Friday, January 14, 2011

offensive! Warning!

I find this book offensive on so many levels. I can't even explain how much it grates against my soul.

http://deseretbook.com/Children-You-Want-Kids-Have-Marie-Ricks/i/5041571

Start with the title: "Children you want with the kids you have".  What? In other words, your kids don't measure up to your dreams, so instead of loving them, you're going to REMAKE them? That shows the ultimate disrespect for them, both as individuals and as creations of God. Besides, it doesn't work. It just damages the kids' psyches. How about loving, valuing, respecting the kids you have and helping them learn to deal with who they naturally are in the real world? Maybe you should get to know them instead of NOT WANTING them. Sheesh.

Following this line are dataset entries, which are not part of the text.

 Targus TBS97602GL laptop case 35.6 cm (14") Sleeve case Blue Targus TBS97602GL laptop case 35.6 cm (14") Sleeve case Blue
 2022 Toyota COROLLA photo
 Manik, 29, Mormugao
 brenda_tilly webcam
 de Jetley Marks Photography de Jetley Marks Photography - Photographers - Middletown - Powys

The description: "Do you want to know the secret of getting kids to work? Train them early! If you want your children to work together, finish their chores, complete their homework, and take care of their own personal hygiene and possessions, you have to train them. And it usually takes a helping hand and a few hints from someone who has "been there - done that." These suggestions, charts, and to-do lists from professional organize Marie Ricks will get you well on your way to having a clean home, a well-kept yard, and helpful, hardworking, on-their-way-to-being-independent children."

OH! So really the title should be "The SLAVES you want from the kids you have." That is more what this book is about.

Because, obviously, nobody wants a kid who has ADD, or is a little creative but also a little messy, or a kid who is busy programming computers and doesn't finish their chores, or a kid who has Asperger's.....

Because obviously all adults work together without stress, finish their chores before they do anything else, finish their housework every day.....etc.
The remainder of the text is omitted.